━━━━━ THE INPUT

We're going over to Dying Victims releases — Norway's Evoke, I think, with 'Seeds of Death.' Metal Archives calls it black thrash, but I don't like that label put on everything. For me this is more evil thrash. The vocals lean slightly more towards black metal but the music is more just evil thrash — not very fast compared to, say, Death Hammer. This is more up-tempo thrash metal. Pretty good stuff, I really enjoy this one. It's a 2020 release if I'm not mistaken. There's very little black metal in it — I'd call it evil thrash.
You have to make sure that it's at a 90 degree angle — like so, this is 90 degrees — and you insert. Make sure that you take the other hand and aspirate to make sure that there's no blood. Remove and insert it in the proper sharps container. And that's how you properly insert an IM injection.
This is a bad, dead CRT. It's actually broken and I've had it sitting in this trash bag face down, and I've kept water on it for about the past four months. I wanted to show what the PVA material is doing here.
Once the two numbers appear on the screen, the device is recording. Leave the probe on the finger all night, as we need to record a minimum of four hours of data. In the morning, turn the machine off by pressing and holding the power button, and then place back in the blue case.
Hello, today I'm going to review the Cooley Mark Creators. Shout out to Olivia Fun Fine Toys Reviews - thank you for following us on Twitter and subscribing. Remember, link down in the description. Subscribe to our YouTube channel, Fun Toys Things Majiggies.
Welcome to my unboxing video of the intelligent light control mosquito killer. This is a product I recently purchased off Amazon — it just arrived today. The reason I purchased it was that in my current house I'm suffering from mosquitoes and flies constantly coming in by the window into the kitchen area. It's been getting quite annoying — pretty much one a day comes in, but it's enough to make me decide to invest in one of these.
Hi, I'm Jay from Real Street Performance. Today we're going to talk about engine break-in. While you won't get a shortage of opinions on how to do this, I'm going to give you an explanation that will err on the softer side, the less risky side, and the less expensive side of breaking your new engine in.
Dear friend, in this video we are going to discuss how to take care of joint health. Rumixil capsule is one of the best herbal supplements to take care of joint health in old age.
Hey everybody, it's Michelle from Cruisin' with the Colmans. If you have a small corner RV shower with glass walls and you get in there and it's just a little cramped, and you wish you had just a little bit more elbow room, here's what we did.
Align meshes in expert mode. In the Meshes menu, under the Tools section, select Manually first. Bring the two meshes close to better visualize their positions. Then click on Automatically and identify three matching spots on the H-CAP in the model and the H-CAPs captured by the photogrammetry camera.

━━━━━━━━━━

- PROBLEM DESCRIPTION -
Within the entries above, some lines may contain "down". Report how many, and nothing else.

- SOLUTION TO THE EXERCISE -
2